Книги

1917 год: русская государственность в эпоху смут, реформ и революций

22
18
20
22
24
26
28
30

14 марта 1918 года с опозданием почти на три часа в зале бывшего Дворянского Собрания начал работу IV съезд Советов. Причиной задержки стала острая борьба в кулуарах, где во многом и был решен результат предстоящего голосования[272]. После того как Брестский мир был всё же ратифицирован, левоэсеровская фракция заявила о выходе их партии из Совнаркома. Решение это далось левым эсерам далеко не просто. Не менее трети фракции высказалось за заключение мира и против выхода из СНК. На II съезде ПЛСР 17–25 апреля такие их лидеры, как М. Спиридонова, Колегаев, Натансон, Трутовский и другие также выступили с примирительных позиций. Тем не менее, уже 15 марта 1917 года министры от Партия левых социалистов-революционеров интернационалистов (ПЛСРИ) покинули свои посты. Правительственный кризис разразился.
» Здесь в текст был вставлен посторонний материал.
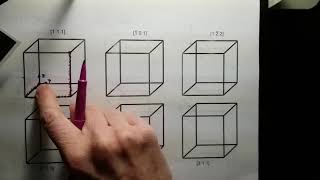 Overview of Miller index notation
В отличие от двух прежних, третий кризис Советского правительства оказался необычайно затяжным. Приобретая вялотекущий характер, он то обострялся, то подавал надежды на скорое его преодоление. Закончился он, как известно, трагически, левоэсеровским мятежом: в Москве вновь слышалась артиллеристская канонада и гибли ни в чём не повинные люди. Вряд ли многие могли предвидеть такую развязку. Сложно было понять логику поведения ПЛСРИ, причину и подоплёку многих событий. Даже сейчас можно лишь обрисовать вопросы, возникающие в связи с третьим кризисом Совнаркома, но дать на них исчерпывающие ответы пока проблематично.

Прежде всего, вызывает недоумение, почему левые эсеры пошли на обострение правительственного кризиса и перевели его решение в плоскость вооружённого мятежа? Правда, левыми эсерами считали себя тогда командующий Восточным фронтом Муравьёв, командующий воинскими частями на Северном Кавказе Сорокин, будущий красный маршал Егоров и многие другие видные командиры Красной Армии[273]. Однако в Москве их силы были более чем скромные. Кроме того, и в рамках советской легальности они могли рассчитывать на скорый успех: до этого их мятежа ПЛСРИ стабильно увеличивала своё представительство на съездах Советов: на III Всероссийском съезде Советов их фракция составляла 16 %, на IV съезде – 20 %, а на V съезде – уже свыше 30 % делегатов. Однако 24 июня ЦК ПЛСРИ всё же принимает решение о вооружённой борьбе за власть с Совнаркомом, ставшее роковым не только для самих левых эсеров, но и для всей революции в целом[274]. Почему для какой-то части левых эсеров так важна была война, за скорейший выход из которой они недавно так горячо агитировали?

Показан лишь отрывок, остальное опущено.